## Supplied data:
--- START ---
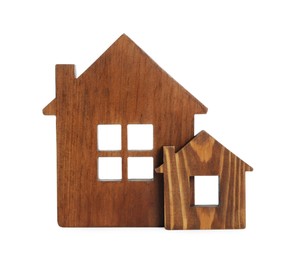Photo of Wooden house models on white background. Saving money concept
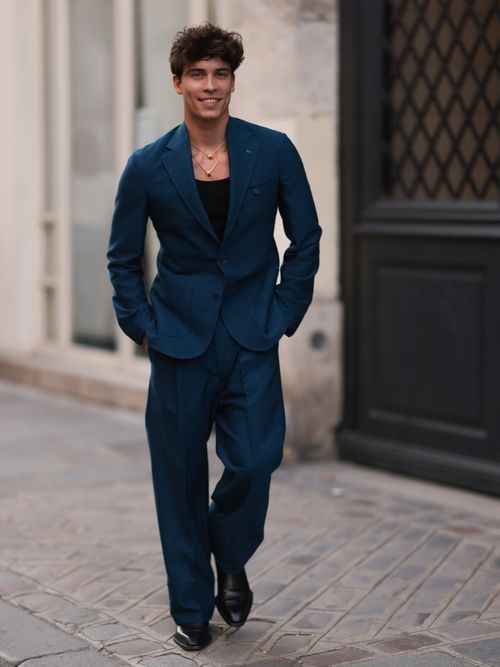 Elevator Boy Tim Schäcker trägt einen blauen Anzug mit schwarzem T-Shirt und Goldketten auf der Paris Fashion Week.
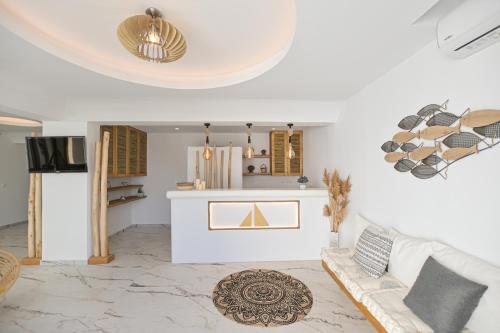 a living room with a white couch and a kitchen at Marine Dream in Plaka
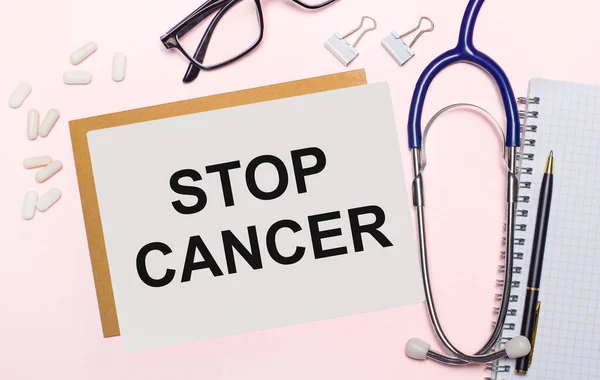 분홍색 배경에는 청진기 안경테의 Stop Cancer 이라는 글자가 이있다 위에서 — 스톡 사진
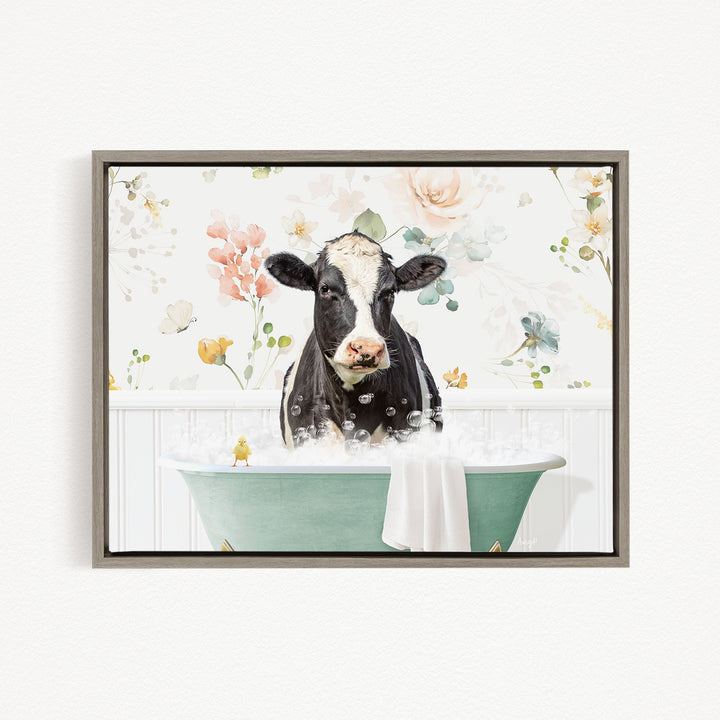 A black and white cow is sitting in a green bathtub filled with bubbles, surrounded by a floral wallpaper.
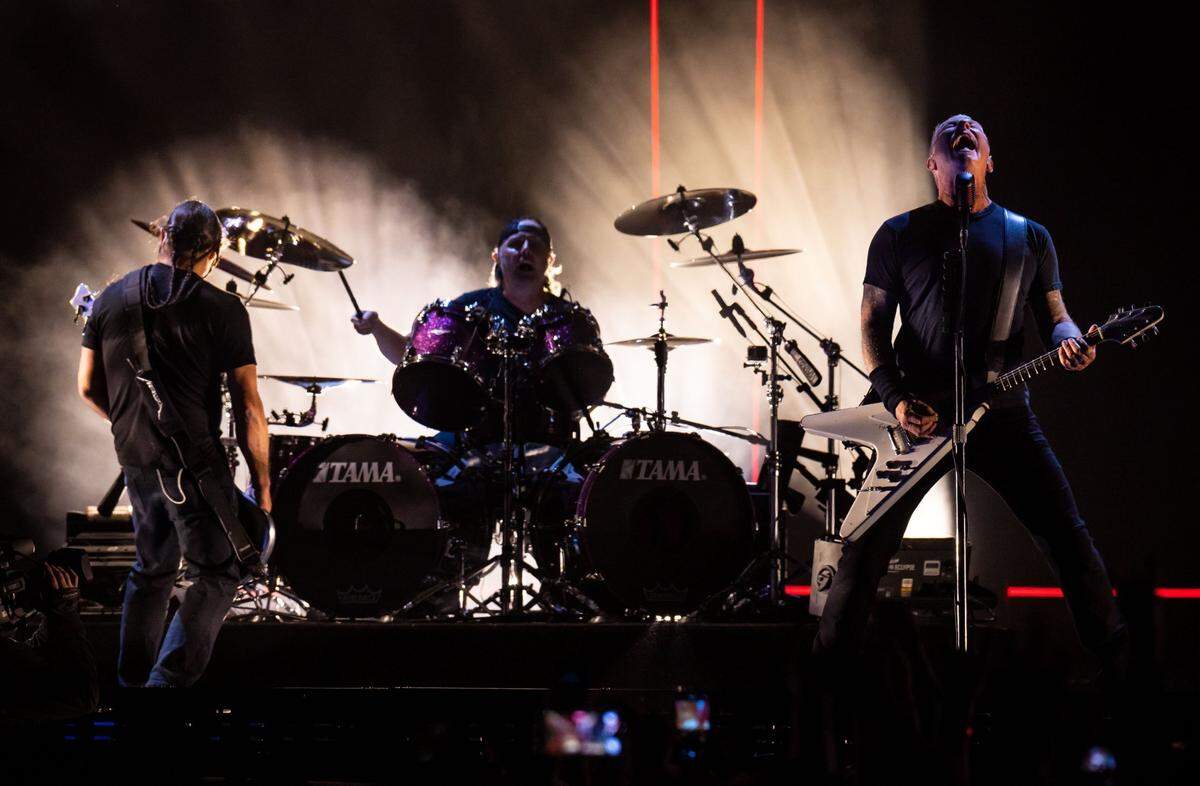 Metallica lead vocalist James Hetfield, right, performs to close out the second day of the Aftershock Festival on Friday, Oct. 8, 2021, at Discovery Park in Sacramento. Bassist Robert Trujillo, left, drummer Lars Ulrich and lead guitarist Kirk Hammett played alongside Hetfield to thousands of fans. The four-day festival, returning after a hiatus in 2020 due to the COVID-19 pandemic, ends Sunday with another performance by Metallica.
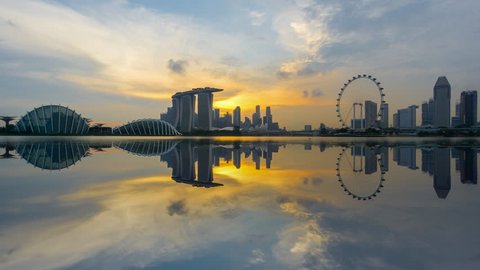 Beautiful Time lapse of Day to Night of Singapore skyline with reflection. 4K UHD. Pan Down Camera Motion.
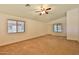 Spacious living room featuring large windows and neutral carpeting at 19002 N Toledo Ave, Maricopa, AZ 85138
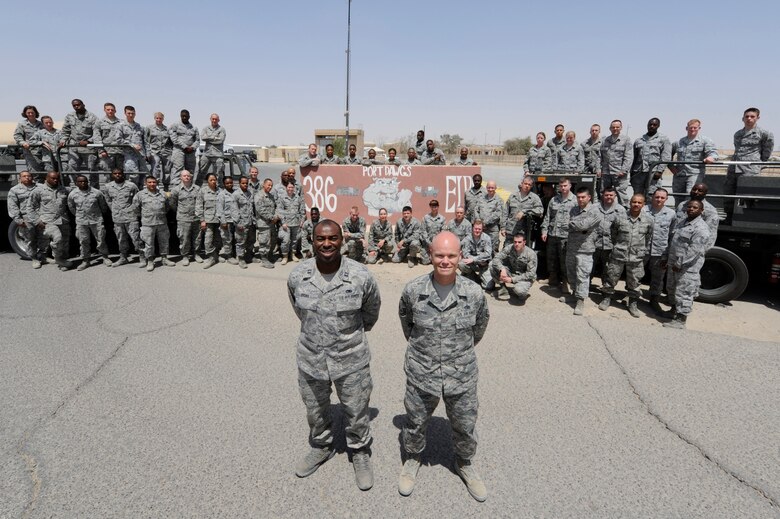 Senior Master Sgt. Paul Carter, 386th Expeditionary Logistics Readiness Squadron, Port Superintendent (right) with the “Port Dawgs” at the 386th Air Expeditionary Wing, Southwest Asia Apr 15, 2013. Carter is one of 48 Airmen from Dobbins Air Reserve Base, Ga. deployed to ‘The Rock’ where they make up roughly 60 percent of the 85 member port team. (U.S. Air Force photo by Staff Sgt. Austin Knox)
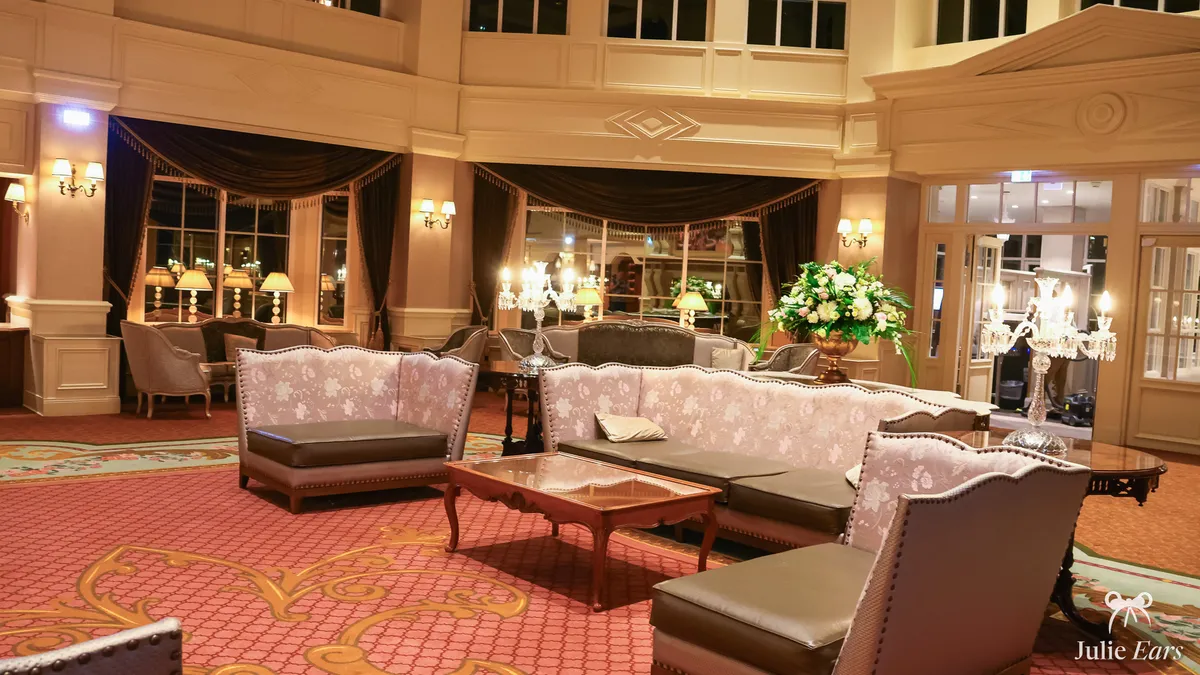 Disneyland Hotel lobby lounge at Disneyland Paris: floral sofas, a wooden coffee table, crystal candelabras, white and pink flowers and coral carpet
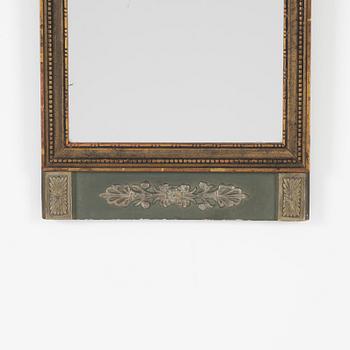 An Empire style mirror, first half of the 20th century.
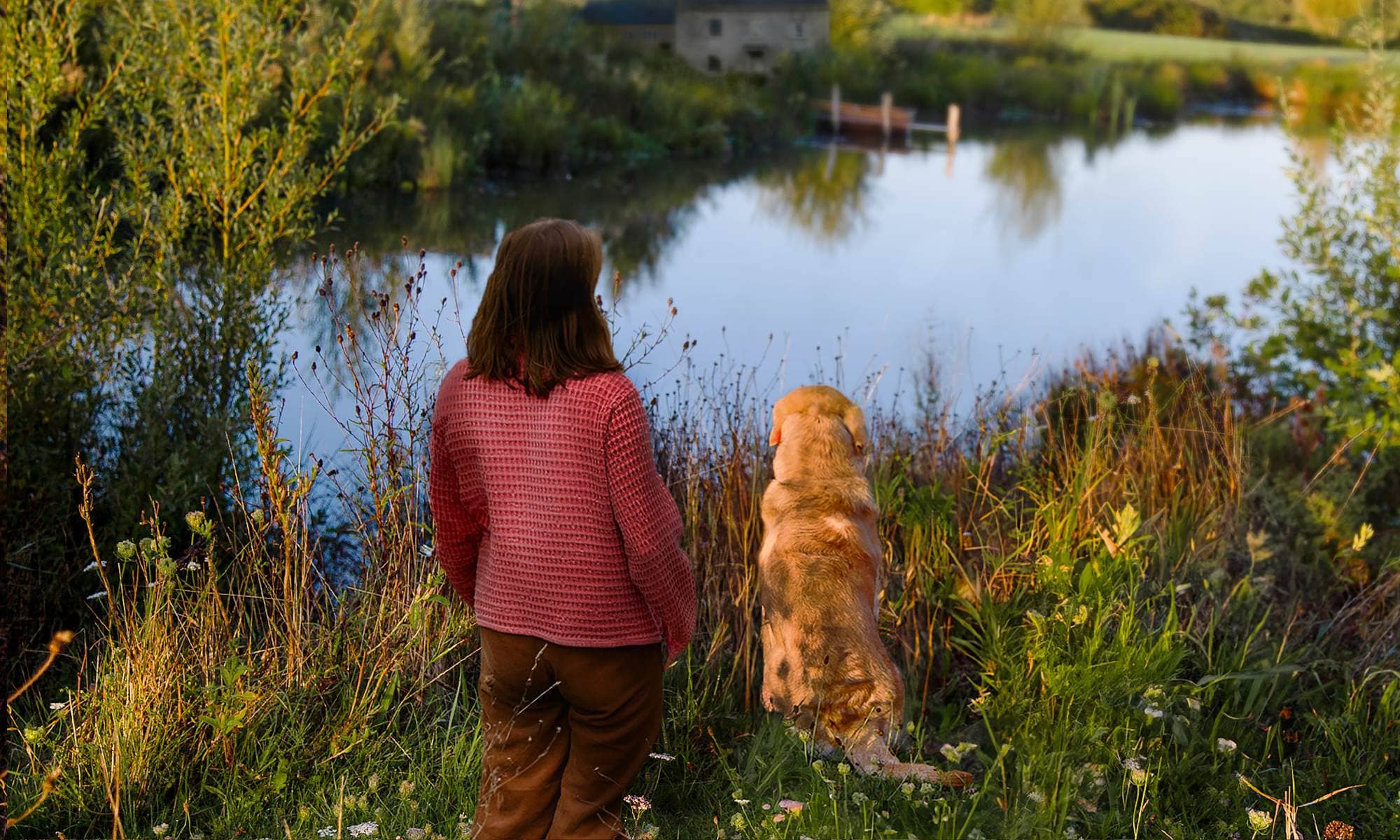Katie Allen and Kit the dog standing in the spirthill field over looking the pond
--- END ---
## Aim of the exercise:
I'd like the lines above repeated exactly, from the one that contains "Beautiful Time lapse" through the one that contains "Spacious living room", with no pictures.

## Result:
 Beautiful Time lapse of Day to Night of Singapore skyline with reflection. 4K UHD. Pan Down Camera Motion.
 Spacious living room featuring large windows and neutral carpeting at 19002 N Toledo Ave, Maricopa, AZ 85138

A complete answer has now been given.